Le phénomène, « s’enracine durablement en France » et ne touche plus seulement les Français les plus pauvres mais « un public beaucoup plus varié ». Dominique Besançon, déléguée générale de Dons solidaires, une association qui récolte des dons de produits non alimentaires pour les redistribuer à un réseau d’associations de lutte contre la précarité, est inquiet, très inquiet même.
La précarité hygiénique, le phénomène dont il parle, est de plus en plus prégnant en France. En effet, selon le baromètre Hygiène et Précarité, commandé par son association et réalisé par l’Ifop, un Français sur deux affirme que le contexte économique actuel l’incite à réduire, par manque d’argent, sa consommation de produits d’hygiène. En 2023, ils étaient 34%, soit une augmentation de 16 points sur une année.
1/4 des femmes privées de protections menstruelles par manque d’argent
Selon ce baromètre, plus d’une personne sur cinq a déjà dû choisir entre acheter de la nourriture et un produit d’hygiène et même à contrôler leurs utilisations. Ainsi, 41% des parents disent vérifier la consommation de gel douche de leurs enfants (ils n’étaient que 20% à agir ainsi il y a cinq ans) et un tiers des Français prolonge l’utilisation de produits à usage unique. Autres chiffres inquiétants. : 23% disent contrôler la consommation de papier toilette et... 11% se lavent parfois sans savon !
Les femmes sont particulièrement touchées par cette « précarité hygiénique ». Et on ne parle pas ici de simples produits de confort mais d’un besoin impérieux : l’utilisation de protections périodiques. 16% des femmes réglées ou ayant une enfant réglée à la maison disent ainsi avoir déjà manqué de serviettes hygiéniques ou de tampons par manque d’argent. La précarité menstruelle s’aggrave et touche de plus en plus de femmes puisqu’elles n’étaient « que » 8% en 2019. A noter par ailleurs que ce taux explose chez les jeunes femmes, qui sont 28% dans ce cas.

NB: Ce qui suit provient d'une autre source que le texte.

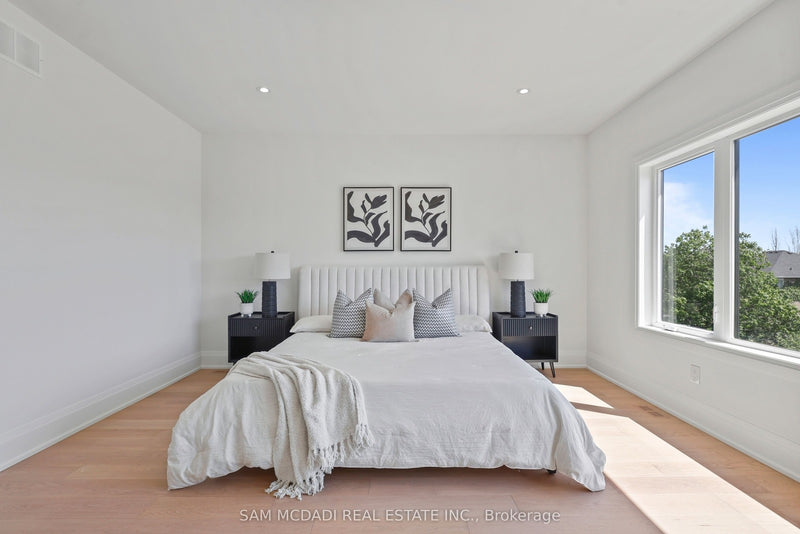 2350 EIGHTH LINE Oakville (WC Wedgewood Creek), Ontario L6H7E6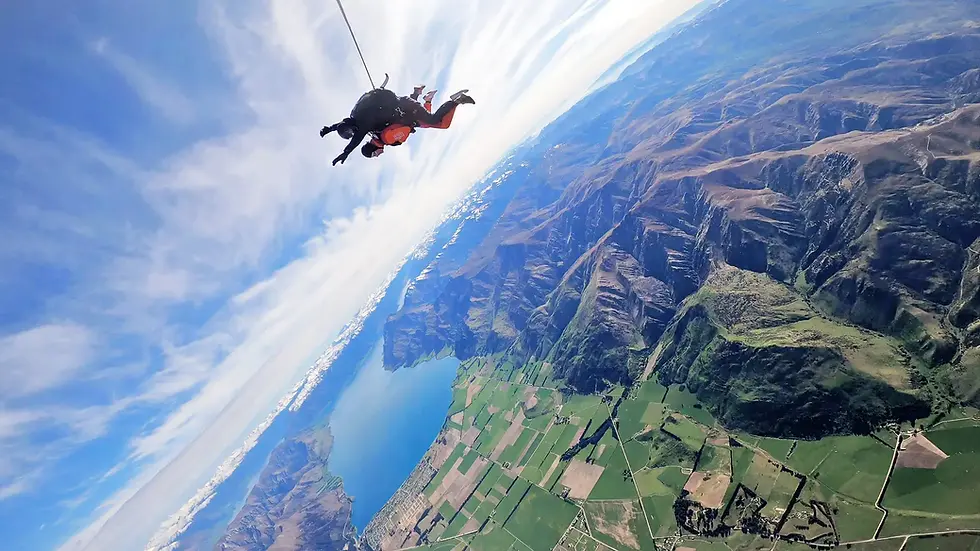Skydiving-in-New-Zealand-Blog.webp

Mais la catégorie de la population la plus concernée - et ce n’est pas vraiment une surprise - est les jeunes. « Les taux de renoncement à l’achat dans ce public sont alarmants », souligne ainsi Dominique Besançon. 41% des 18-24 ans ont déjà dû arbitrer entre un achat de nourriture et de produit d’hygiène. La déléguée générale de Dons solidaires explique qu’il s’agit des étudiants, des jeunes éloignés de l’emploi, mais aussi « des jeunes travailleurs qui ont un emploi mais qui, avec les crises et l’inflation, ont du mal à joindre les deux bouts ».